**Work to be completed**
What you return should be the complete data below, word for word, with no pictures in it.

**Collected material**
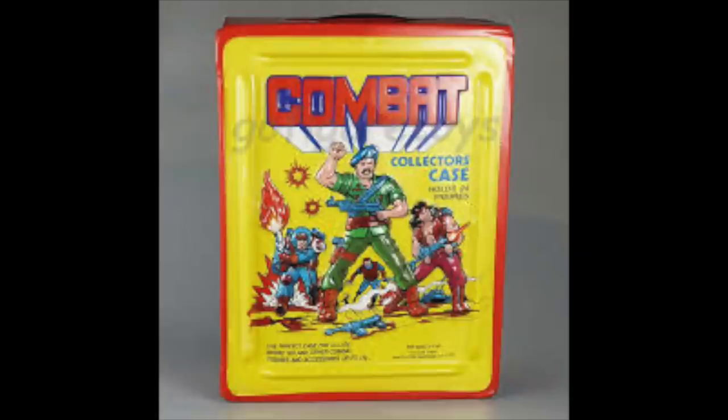Speaking of G.I. Joe, let's look at a rip-off G.I. Joe carrying case called Combat. It looks like it's made out of tin, but I'm pretty sure that's vinyl. I mean, who would have a tin action figure carrying case? Tin boxes are for your ham sandwich, not your action figures. But this is clearly a rip-off of G.I. Joe.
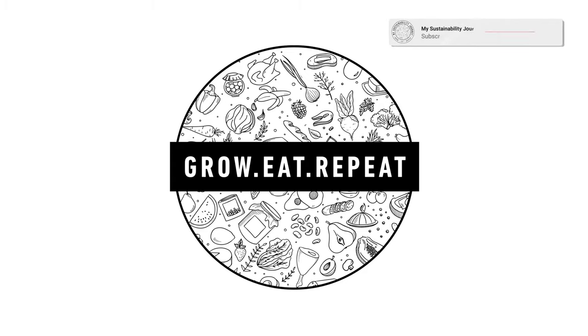Hello and welcome back to my sustainability journey. Today I'm very excited because I'm going to share my plans and ideas for my urban food forest. Just a quick disclaimer: the front of the property where the food forest is going is on a main road, so if you hear cars in the background I'm sorry — it's part of urban living and there's not much I can do about it at this stage.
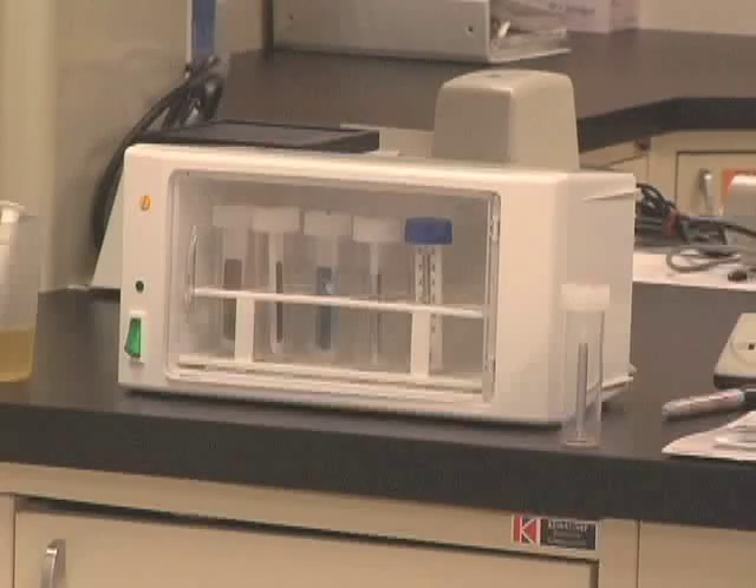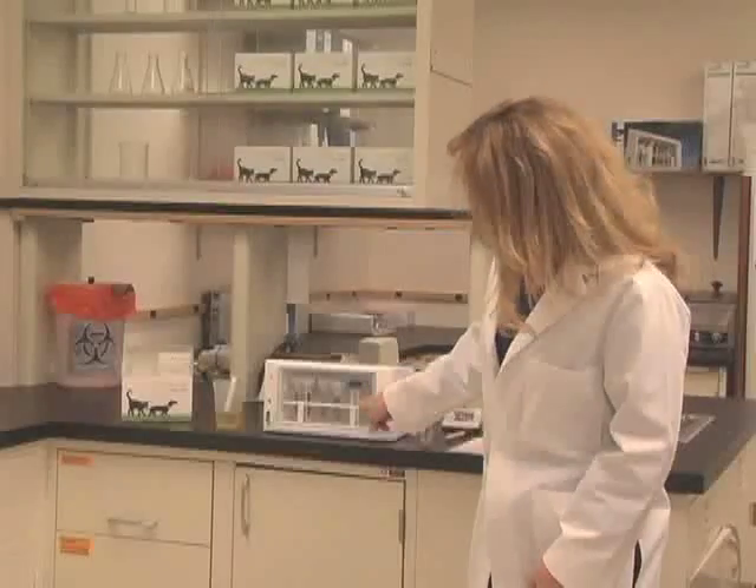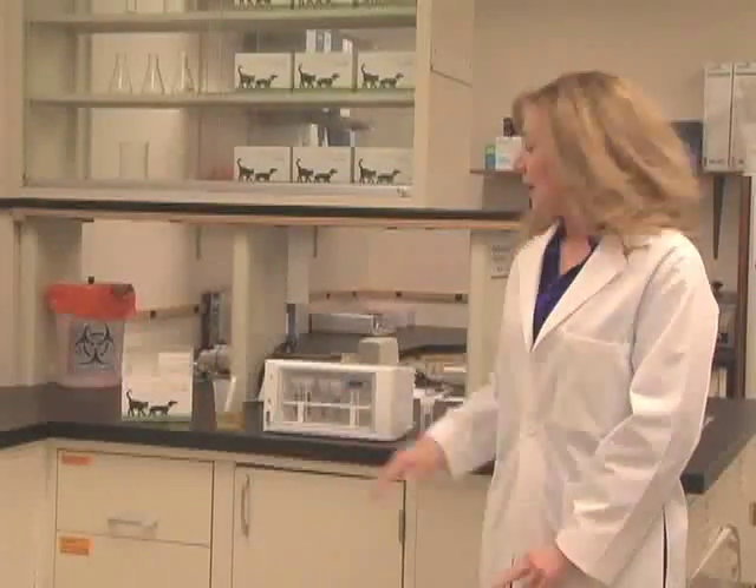Let's get started by looking at the materials you'll need to perform the test. First, you'll need an incubator set at 36 plus or minus 2 degrees Celsius. Be sure that your incubator can hold that temperature throughout the entire incubation period. If you're using the Cultura M incubator like the one shown here, you can simply read the temperature through the door using the thermometer provided. Each line on the thermometer represents 10 degrees Celsius.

**Response for this exercise**
Speaking of G.I. Joe, let's look at a rip-off G.I. Joe carrying case called Combat. It looks like it's made out of tin, but I'm pretty sure that's vinyl. I mean, who would have a tin action figure carrying case? Tin boxes are for your ham sandwich, not your action figures. But this is clearly a rip-off of G.I. Joe.
Hello and welcome back to my sustainability journey. Today I'm very excited because I'm going to share my plans and ideas for my urban food forest. Just a quick disclaimer: the front of the property where the food forest is going is on a main road, so if you hear cars in the background I'm sorry — it's part of urban living and there's not much I can do about it at this stage.
Let's get started by looking at the materials you'll need to perform the test. First, you'll need an incubator set at 36 plus or minus 2 degrees Celsius. Be sure that your incubator can hold that temperature throughout the entire incubation period. If you're using the Cultura M incubator like the one shown here, you can simply read the temperature through the door using the thermometer provided. Each line on the thermometer represents 10 degrees Celsius.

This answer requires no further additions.